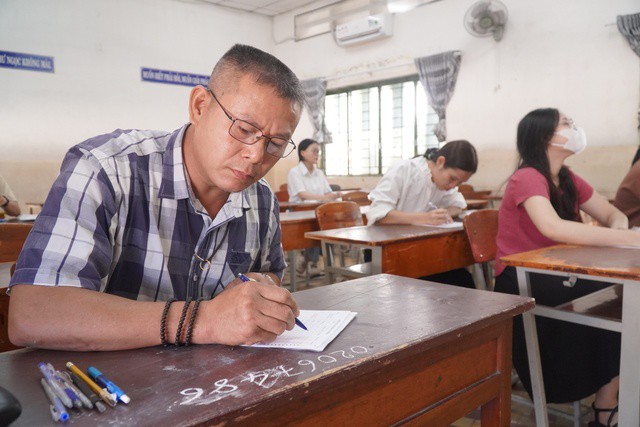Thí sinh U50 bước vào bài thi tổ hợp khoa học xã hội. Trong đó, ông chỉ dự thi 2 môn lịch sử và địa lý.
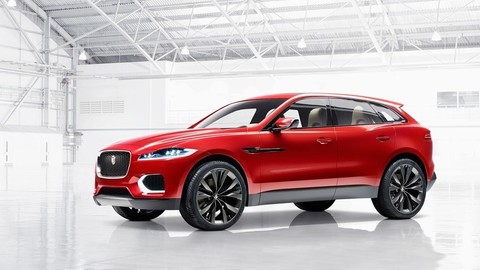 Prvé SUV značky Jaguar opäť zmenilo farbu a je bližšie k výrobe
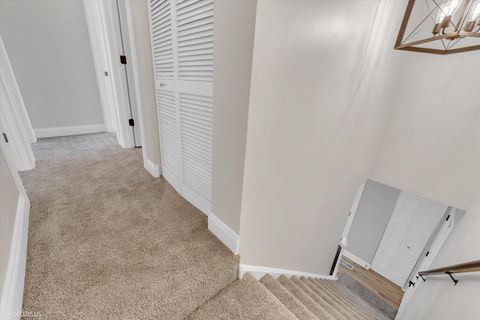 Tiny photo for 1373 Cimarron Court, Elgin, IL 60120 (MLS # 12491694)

--- --- ---

## Problem requirements
Give the listing above again in its entirety and exactly; do not include the pictures.

## Solution for this problem
Thí sinh U50 bước vào bài thi tổ hợp khoa học xã hội. Trong đó, ông chỉ dự thi 2 môn lịch sử và địa lý.
 Prvé SUV značky Jaguar opäť zmenilo farbu a je bližšie k výrobe
 Tiny photo for 1373 Cimarron Court, Elgin, IL 60120 (MLS # 12491694)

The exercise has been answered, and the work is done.